### AIM OF THE TASK
Exact copy, no pictures: reproduce the lines from the one that holds "Some friends have" through the end of the entries.

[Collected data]

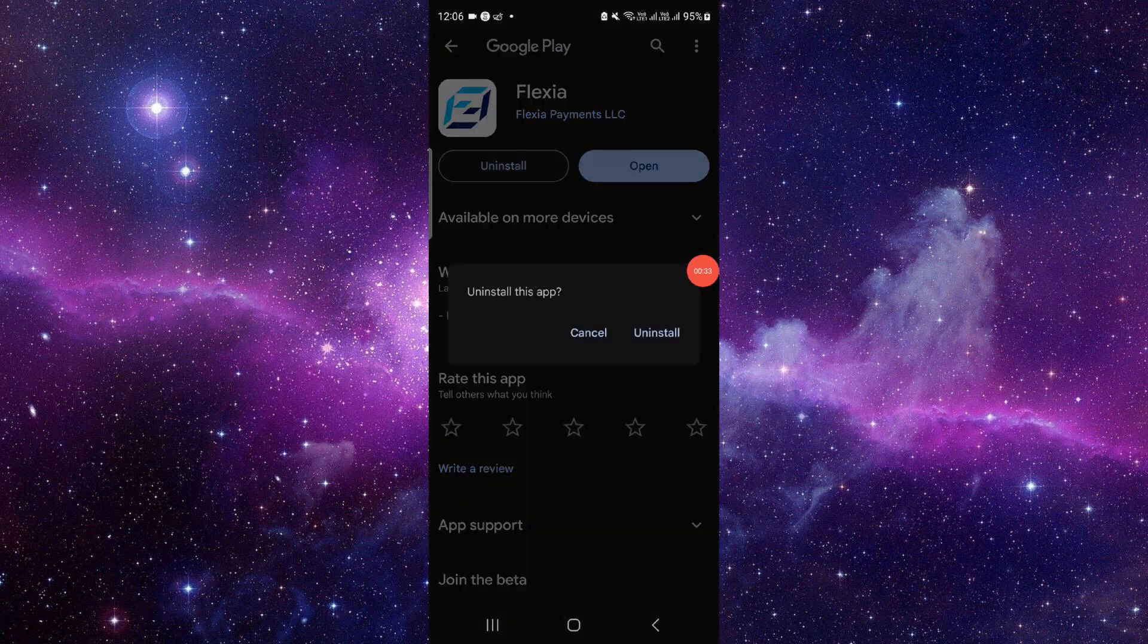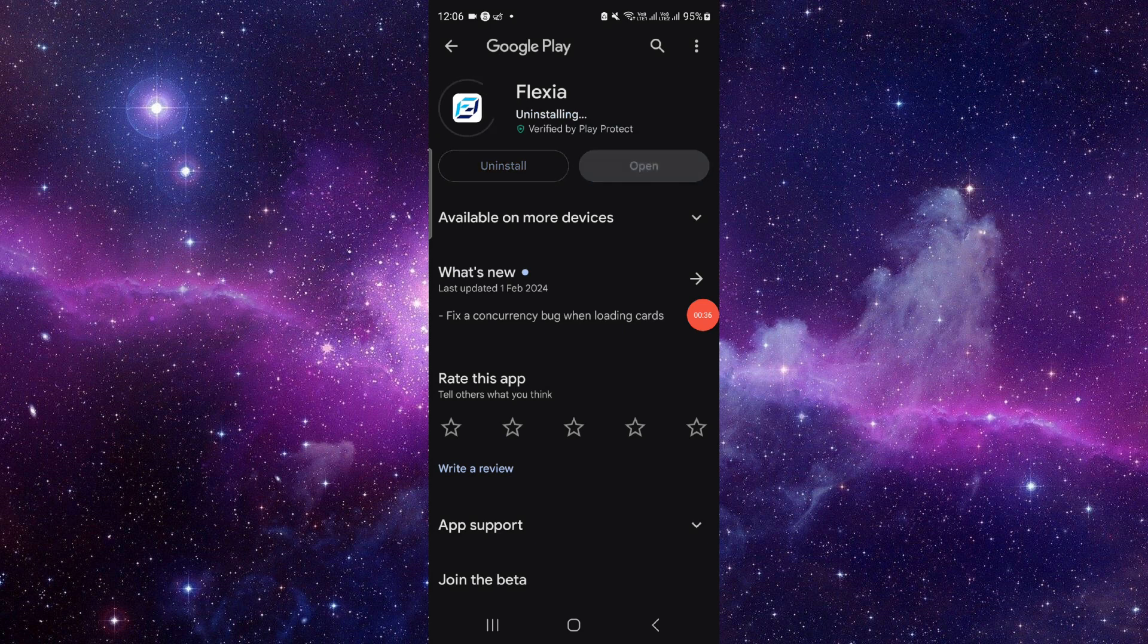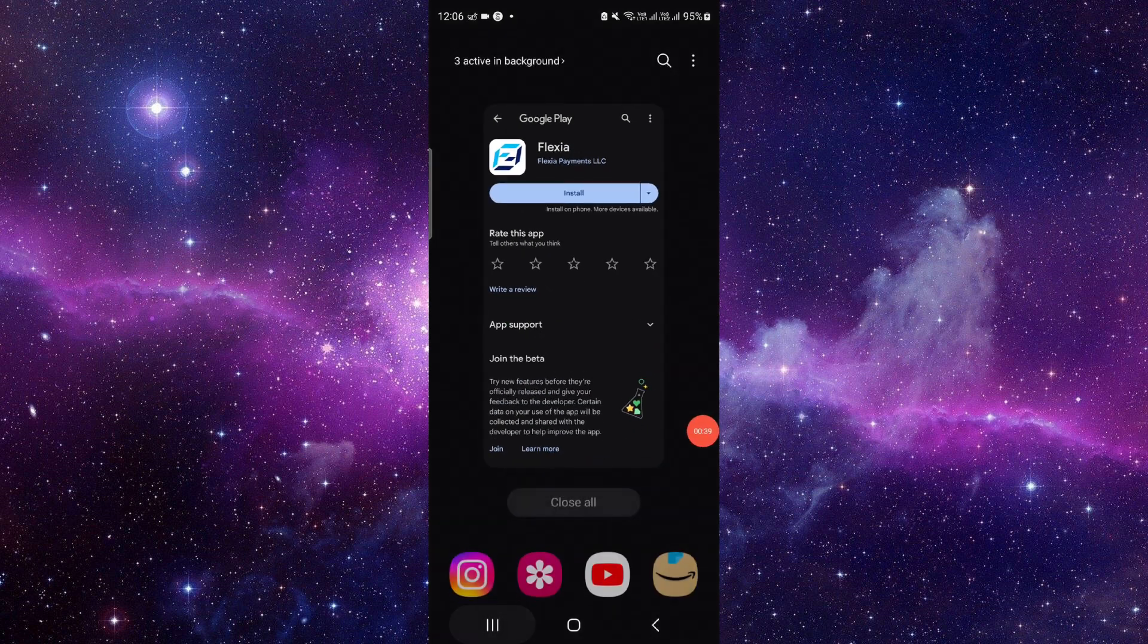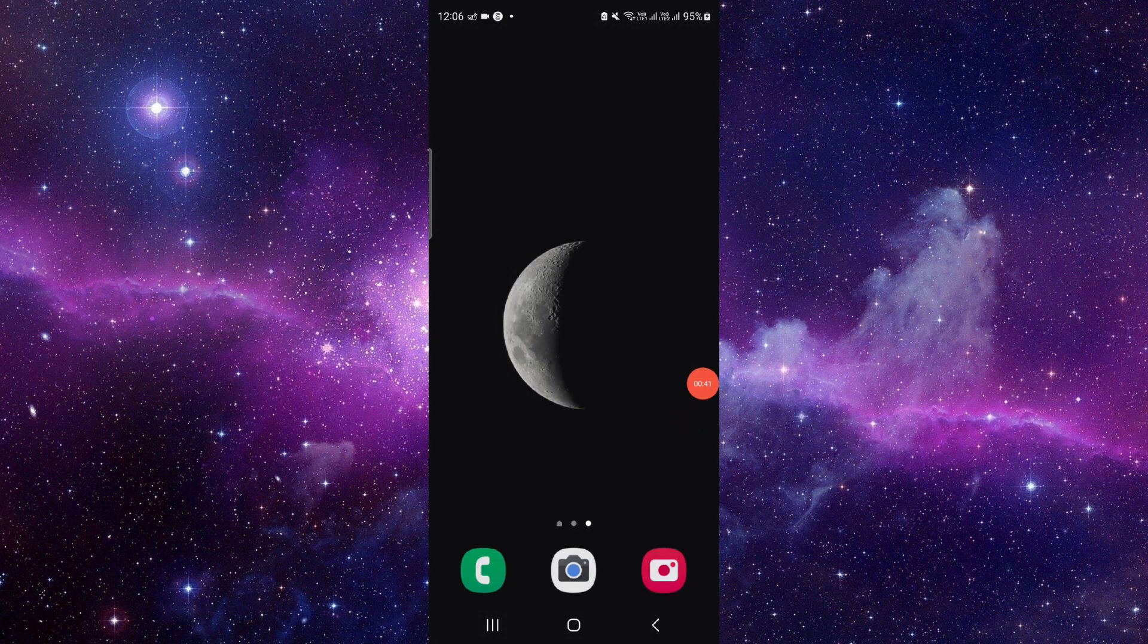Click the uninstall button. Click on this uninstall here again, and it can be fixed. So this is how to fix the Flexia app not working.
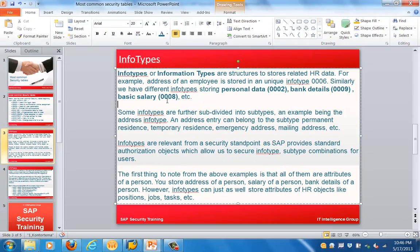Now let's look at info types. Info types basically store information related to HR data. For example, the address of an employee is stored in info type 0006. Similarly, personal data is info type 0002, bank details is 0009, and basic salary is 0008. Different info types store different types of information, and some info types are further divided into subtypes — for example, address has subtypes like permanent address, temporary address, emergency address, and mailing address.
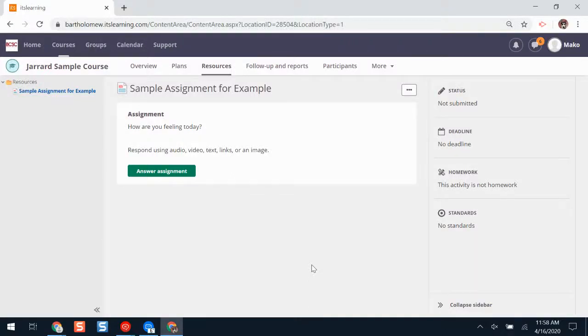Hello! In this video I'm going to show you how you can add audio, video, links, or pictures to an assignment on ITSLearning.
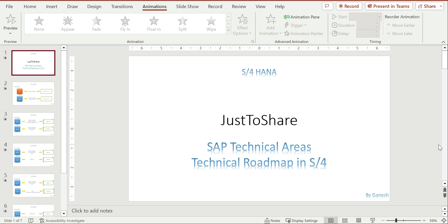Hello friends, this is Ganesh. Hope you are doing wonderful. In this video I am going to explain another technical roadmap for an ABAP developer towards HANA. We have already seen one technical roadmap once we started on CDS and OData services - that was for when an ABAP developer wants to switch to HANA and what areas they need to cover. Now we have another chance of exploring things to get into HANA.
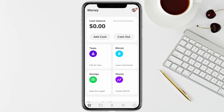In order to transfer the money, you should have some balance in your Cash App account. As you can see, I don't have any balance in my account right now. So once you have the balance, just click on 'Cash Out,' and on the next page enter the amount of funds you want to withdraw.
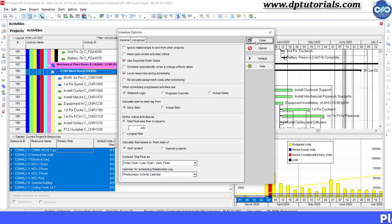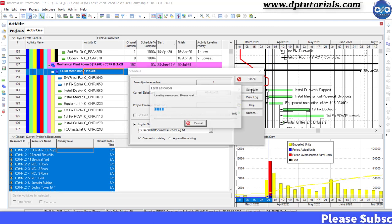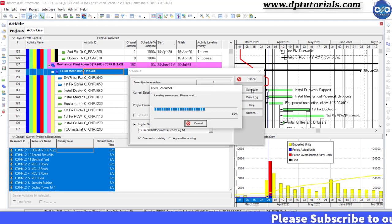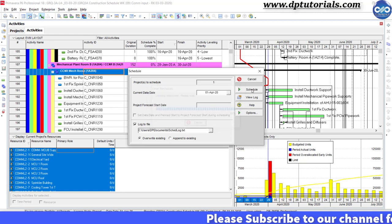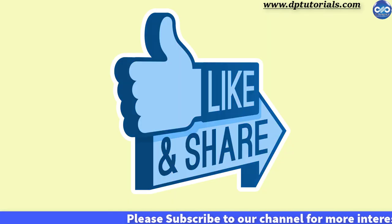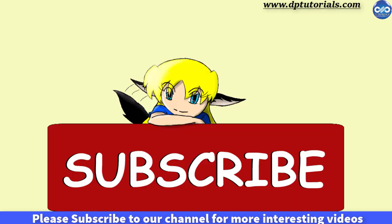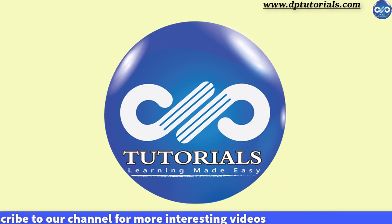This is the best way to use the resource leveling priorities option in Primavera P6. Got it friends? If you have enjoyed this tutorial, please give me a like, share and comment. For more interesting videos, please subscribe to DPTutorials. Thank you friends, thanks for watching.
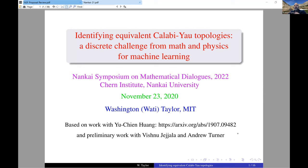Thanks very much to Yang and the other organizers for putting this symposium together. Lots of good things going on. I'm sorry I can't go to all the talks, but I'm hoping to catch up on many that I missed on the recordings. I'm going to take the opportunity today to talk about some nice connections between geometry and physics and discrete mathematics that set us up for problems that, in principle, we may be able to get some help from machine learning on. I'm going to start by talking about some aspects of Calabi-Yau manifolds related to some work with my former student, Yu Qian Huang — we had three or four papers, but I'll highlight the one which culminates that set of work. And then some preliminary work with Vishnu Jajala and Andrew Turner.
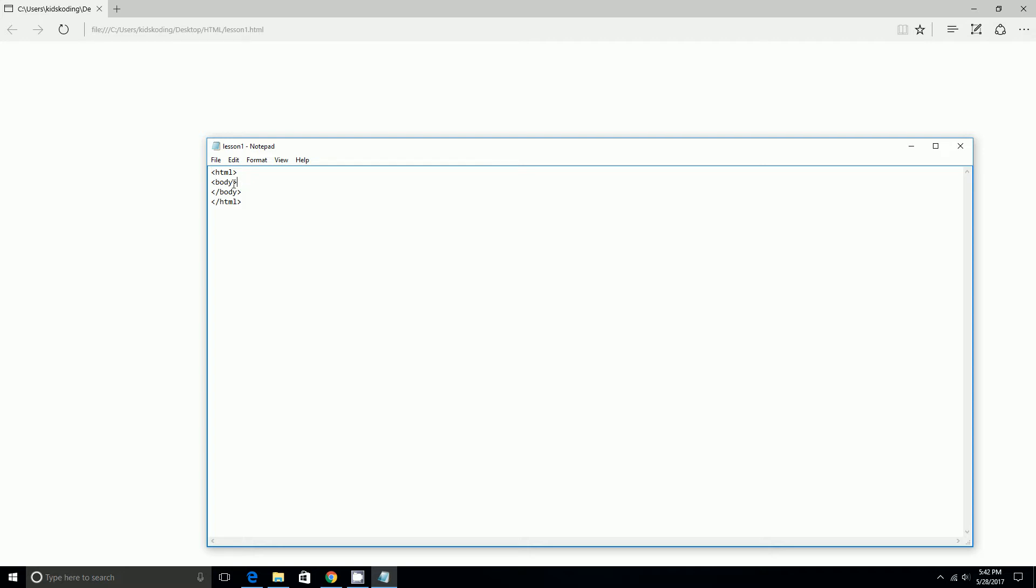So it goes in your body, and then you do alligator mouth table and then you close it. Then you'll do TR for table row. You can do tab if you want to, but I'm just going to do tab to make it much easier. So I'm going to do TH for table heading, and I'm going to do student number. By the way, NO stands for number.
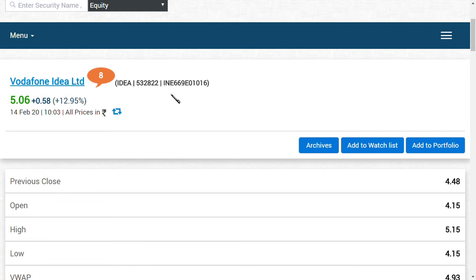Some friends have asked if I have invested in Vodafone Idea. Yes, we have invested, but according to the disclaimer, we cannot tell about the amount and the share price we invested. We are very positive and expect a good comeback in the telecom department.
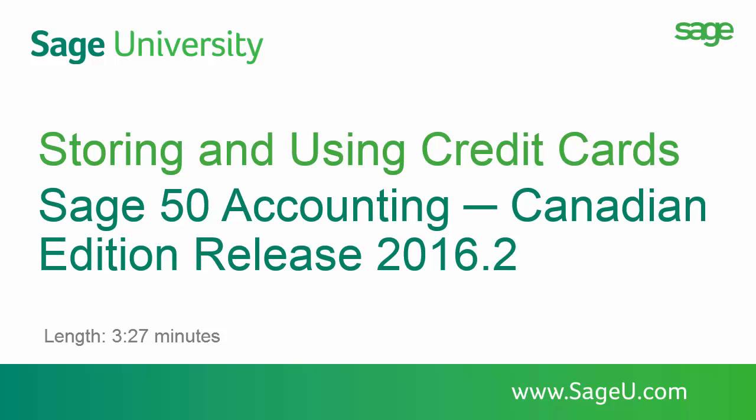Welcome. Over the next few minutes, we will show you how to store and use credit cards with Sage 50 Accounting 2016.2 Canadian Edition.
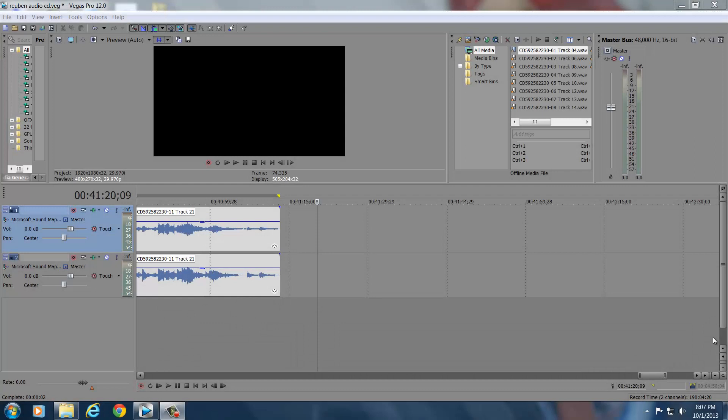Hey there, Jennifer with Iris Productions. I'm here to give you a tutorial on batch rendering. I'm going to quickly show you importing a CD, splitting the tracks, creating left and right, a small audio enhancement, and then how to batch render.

### TASK RESULT
Some friends have asked if I have invested in Vodafone Idea. Yes, we have invested, but according to the disclaimer, we cannot tell about the amount and the share price we invested. We are very positive and expect a good comeback in the telecom department.
Welcome. Over the next few minutes, we will show you how to store and use credit cards with Sage 50 Accounting 2016.2 Canadian Edition.
Hey there, Jennifer with Iris Productions. I'm here to give you a tutorial on batch rendering. I'm going to quickly show you importing a CD, splitting the tracks, creating left and right, a small audio enhancement, and then how to batch render.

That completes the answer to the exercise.